GIVEN DATA Start Marker

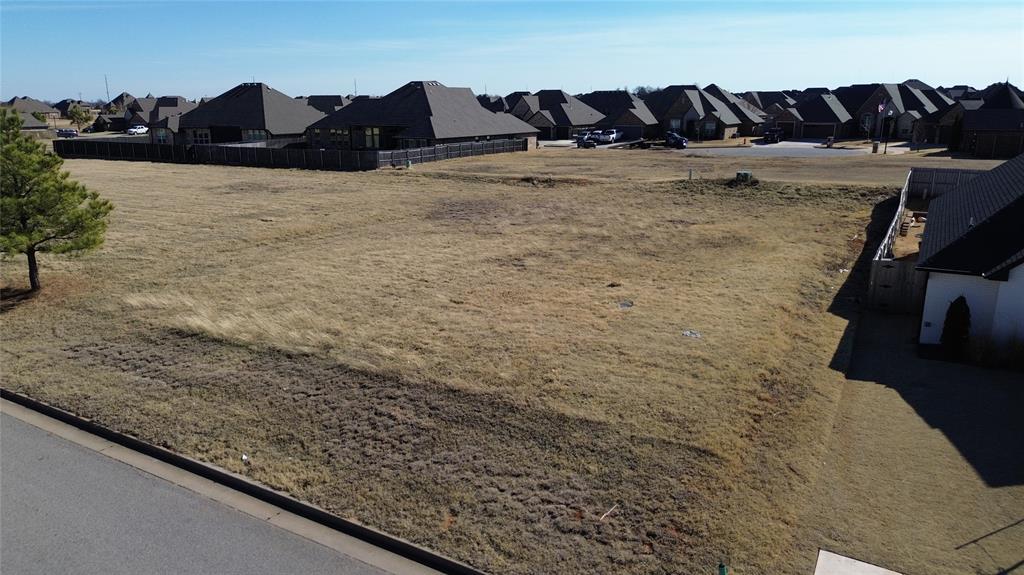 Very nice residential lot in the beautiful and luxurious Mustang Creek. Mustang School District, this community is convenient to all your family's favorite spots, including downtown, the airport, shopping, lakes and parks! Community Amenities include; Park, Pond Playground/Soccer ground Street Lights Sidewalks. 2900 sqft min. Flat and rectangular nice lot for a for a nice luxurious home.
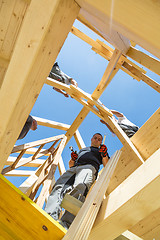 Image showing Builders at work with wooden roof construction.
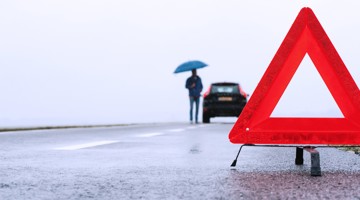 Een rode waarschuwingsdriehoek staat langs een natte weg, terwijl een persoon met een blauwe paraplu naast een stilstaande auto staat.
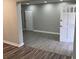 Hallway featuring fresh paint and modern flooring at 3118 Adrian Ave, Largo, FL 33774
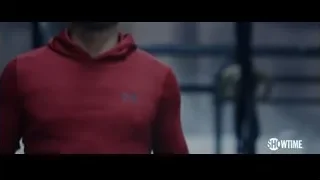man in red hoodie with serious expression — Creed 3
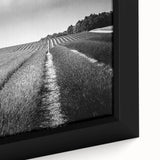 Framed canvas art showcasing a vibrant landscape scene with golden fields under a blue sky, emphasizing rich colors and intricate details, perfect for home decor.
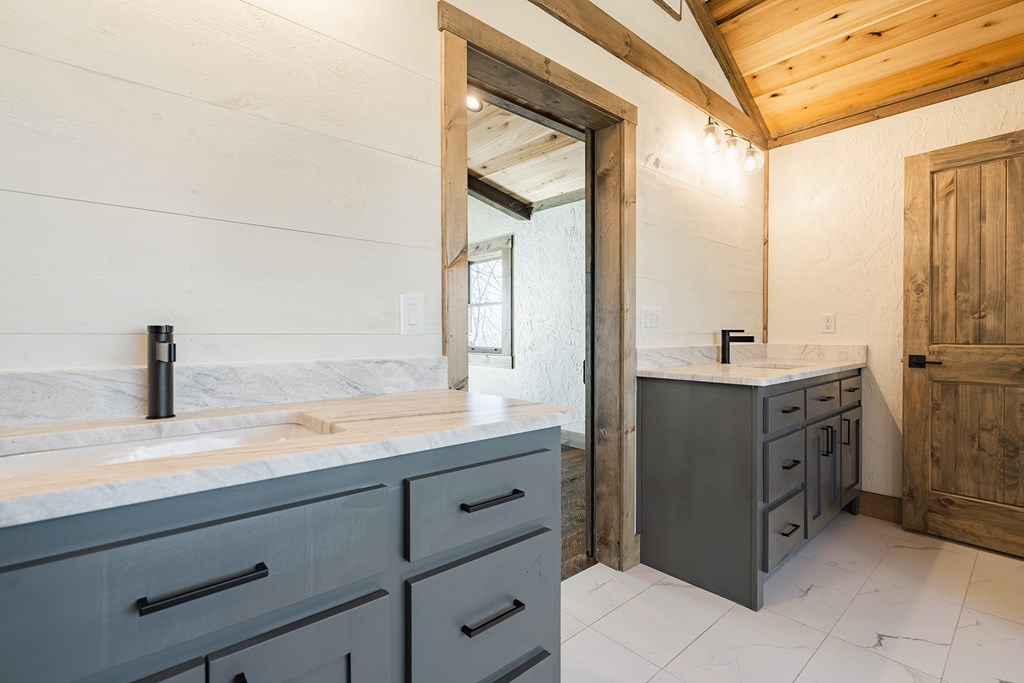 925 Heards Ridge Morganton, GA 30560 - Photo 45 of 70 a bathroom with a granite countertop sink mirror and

GIVEN DATA End Marker

* _TASK INSTRUCTIONS_: Copy the listing above verbatim, leaving out pictures.

* _EXERCISE ANSWER_:
 Very nice residential lot in the beautiful and luxurious Mustang Creek. Mustang School District, this community is convenient to all your family's favorite spots, including downtown, the airport, shopping, lakes and parks! Community Amenities include; Park, Pond Playground/Soccer ground Street Lights Sidewalks. 2900 sqft min. Flat and rectangular nice lot for a for a nice luxurious home.
 Image showing Builders at work with wooden roof construction.
 Een rode waarschuwingsdriehoek staat langs een natte weg, terwijl een persoon met een blauwe paraplu naast een stilstaande auto staat.
 Hallway featuring fresh paint and modern flooring at 3118 Adrian Ave, Largo, FL 33774
man in red hoodie with serious expression — Creed 3
 Framed canvas art showcasing a vibrant landscape scene with golden fields under a blue sky, emphasizing rich colors and intricate details, perfect for home decor.
 925 Heards Ridge Morganton, GA 30560 - Photo 45 of 70 a bathroom with a granite countertop sink mirror and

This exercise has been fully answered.